Apart from the above, the beneficiaries have also transferred their interest in the corpus of the trust by separate deeds of assignment of the same date though not to the same charitable trust. As the corpus producing the income under consideration has also been transferred, the facts of the case are out of Section 60. In this view of the matter, he urged that the order of the Commissioner (Appeals) deserved to be upheld.7. We have considered the contentions of both the parties as well as the facts on record. In our opinion, the contentions raised for the assessee carry force. As has been held in the case of Smt. Kasturbai Walchand Trust (supra), the beneficiaries were indeed empowered by Section 58 to transfer their interest. The proviso to Section 58 does not apply to the facts of this case, because none of the beneficiaries was a married woman when the settlor created the trust in their favour.
There is indeed no material to distinguish between the surrender of the right as in the case of Smt. Kasturbai Walchand Trust (supra) and the assignments in the present case, because in both the cases the beneficiaries, in effect, gave away their rights. After they did it effectively in the eye of law, which we, on the authority of Smt.

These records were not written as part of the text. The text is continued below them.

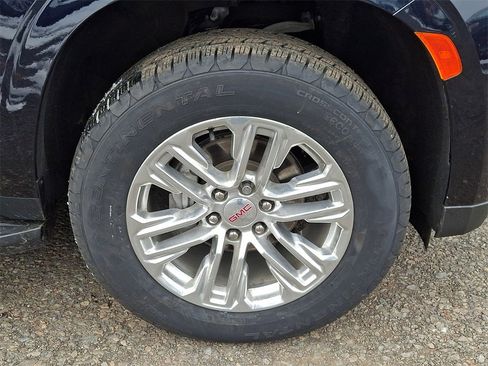 Certified 2023 GMC Yukon XL SLT image 8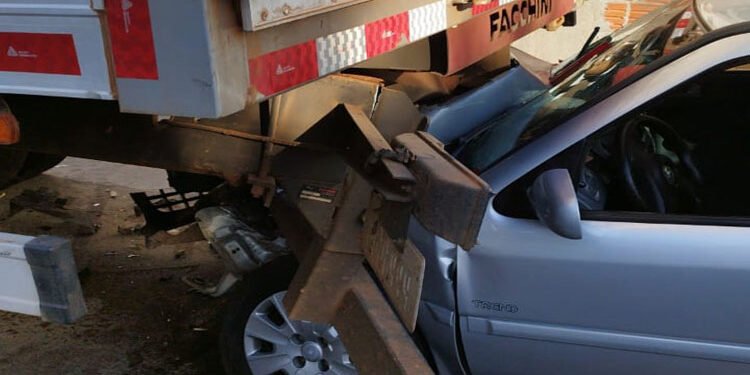Veículo de passeio fica destruído após colidir com caminhão baú em Guanambi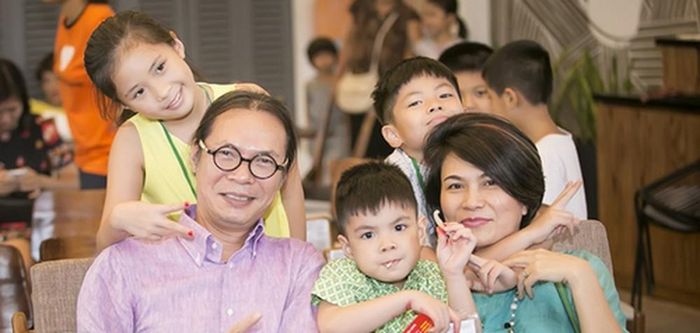 Gia đình hạnh phúc của đạo diễn Trần Lực.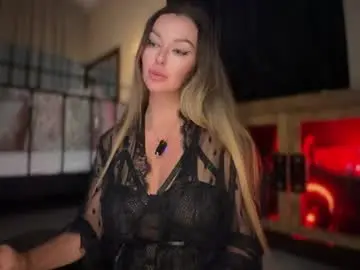 Untamed_reina  live sex cam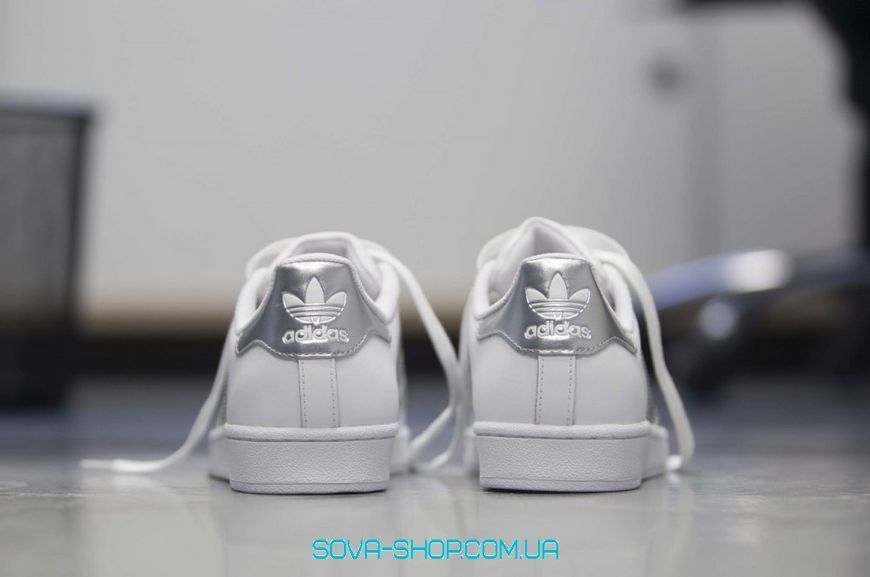 Жіночі кросівки Superstar White Silver Adidas фото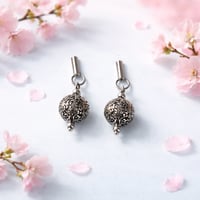 SLIVER ROUND FLOWER PRINT EARRINGS WITH BAR STUD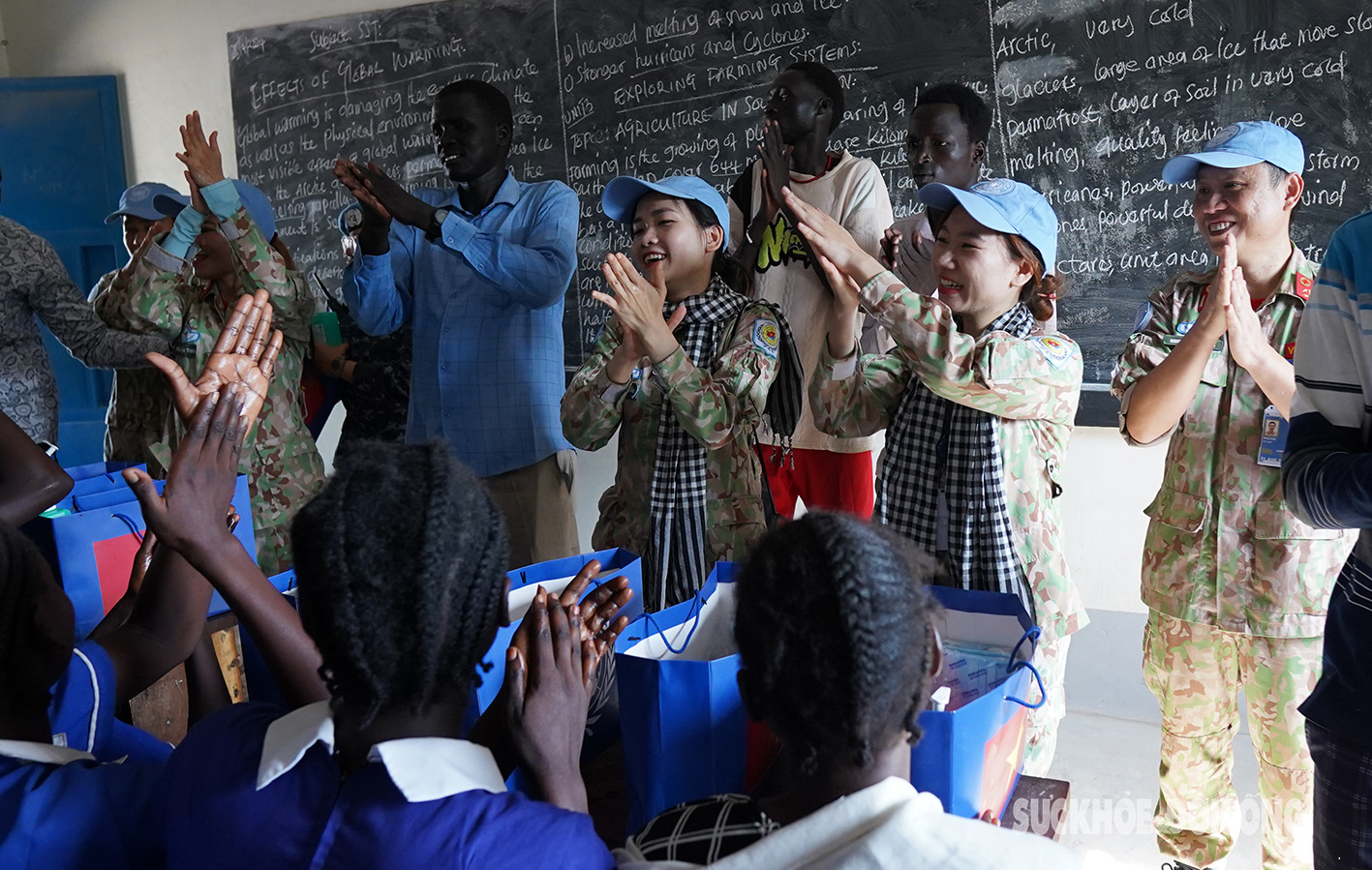 Bác sĩ mũ nồi xanh Việt Nam tổ chức nhiều hoạt động ý nghĩa cho nữ sinh tại Nam Sudan- Ảnh 6.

Kasturbai Walchand Trust's case (supra), hold that they have done, the income so diverted could no longer be assessed as their income. This is not a case of application of income, because the amounts assigned did not go out of the income of the beneficiaries unlike the case of Sitaldas Tirathdas (supra). Nor are the facts of the case hit by Section 60 because, unlike the case of Provat Kumar Mitter (supra) even the corpus, producing the income under consideration, has been transferred by the beneficiaries. Thus, we find that none of the reasons given in support of the case of the revenue stands a scrutiny and the decision of the Commissioner (Appeals) is based on sound reasoning and good authority. We, therefore, uphold the order of the Commissioner (Appeals).